Exercise description
The material below is to be copied exactly from the line with "Productafbeelding van Set" up to and including the line with "Jalen Brunson Pimpin", with nothing else kept and no pictures.

Given information

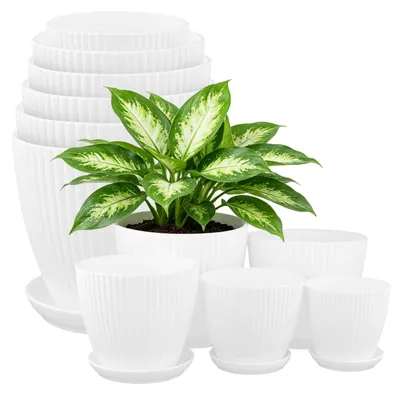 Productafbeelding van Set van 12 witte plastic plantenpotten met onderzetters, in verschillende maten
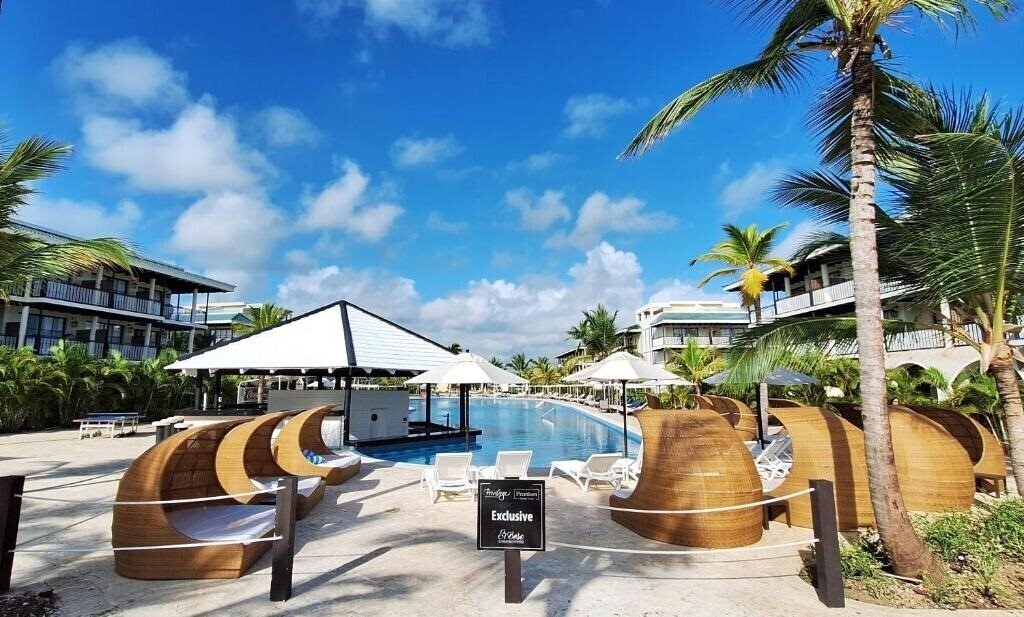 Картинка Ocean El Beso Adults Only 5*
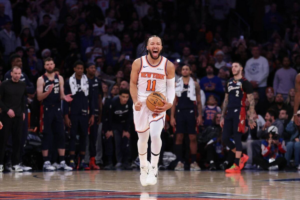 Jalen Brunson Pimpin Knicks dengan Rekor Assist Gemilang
---
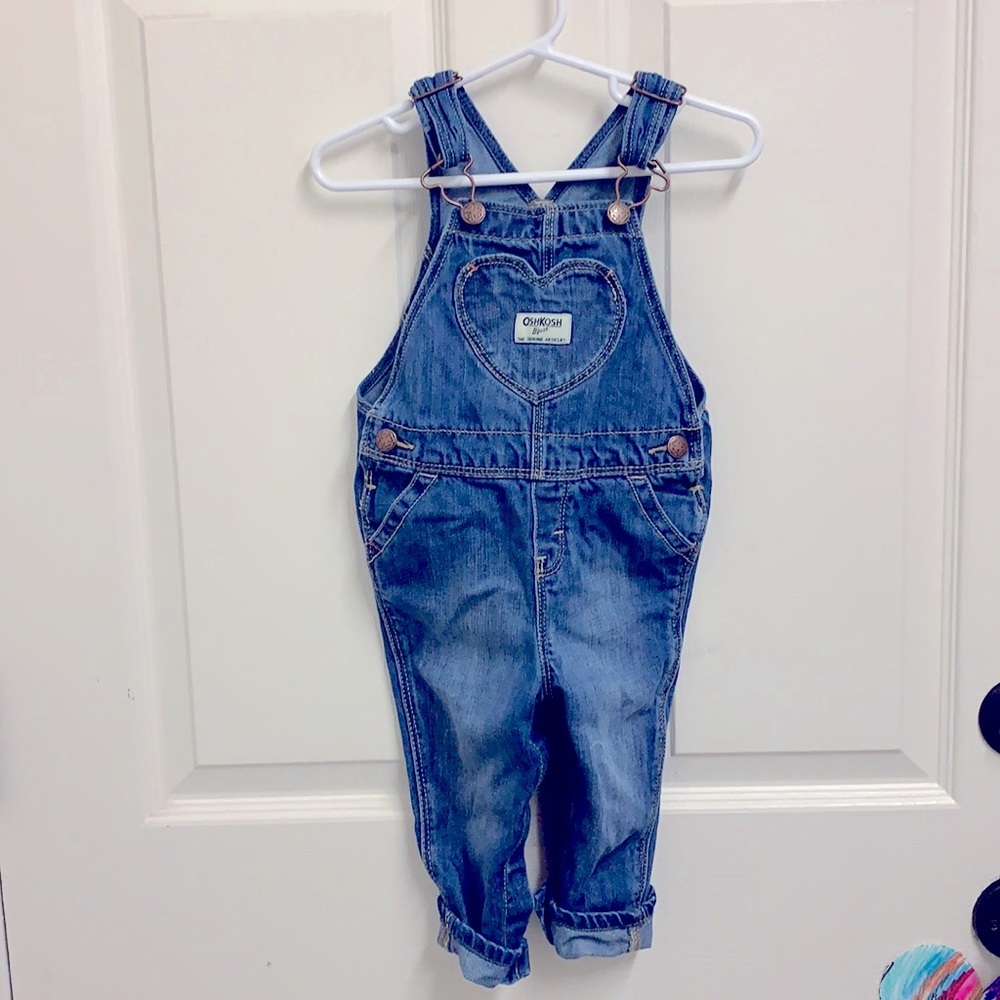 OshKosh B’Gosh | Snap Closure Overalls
...
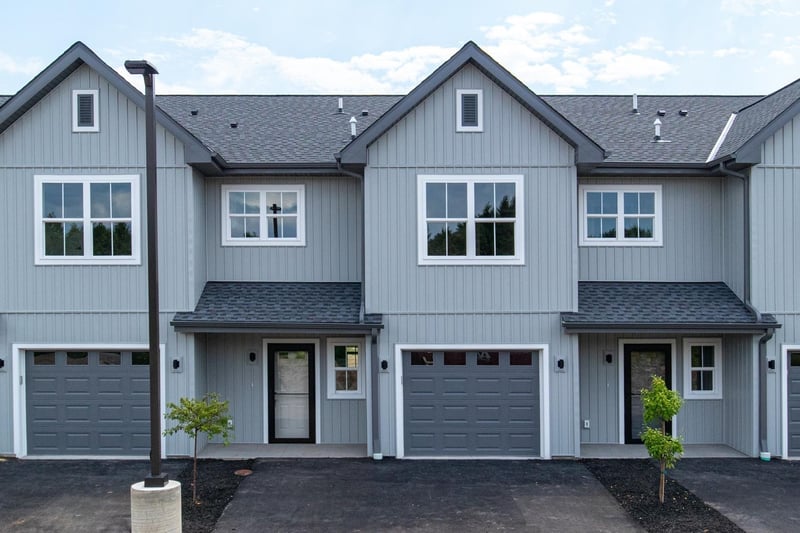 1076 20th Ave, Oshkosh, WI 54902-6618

Completed task
 Productafbeelding van Set van 12 witte plastic plantenpotten met onderzetters, in verschillende maten
 Картинка Ocean El Beso Adults Only 5*
 Jalen Brunson Pimpin Knicks dengan Rekor Assist Gemilang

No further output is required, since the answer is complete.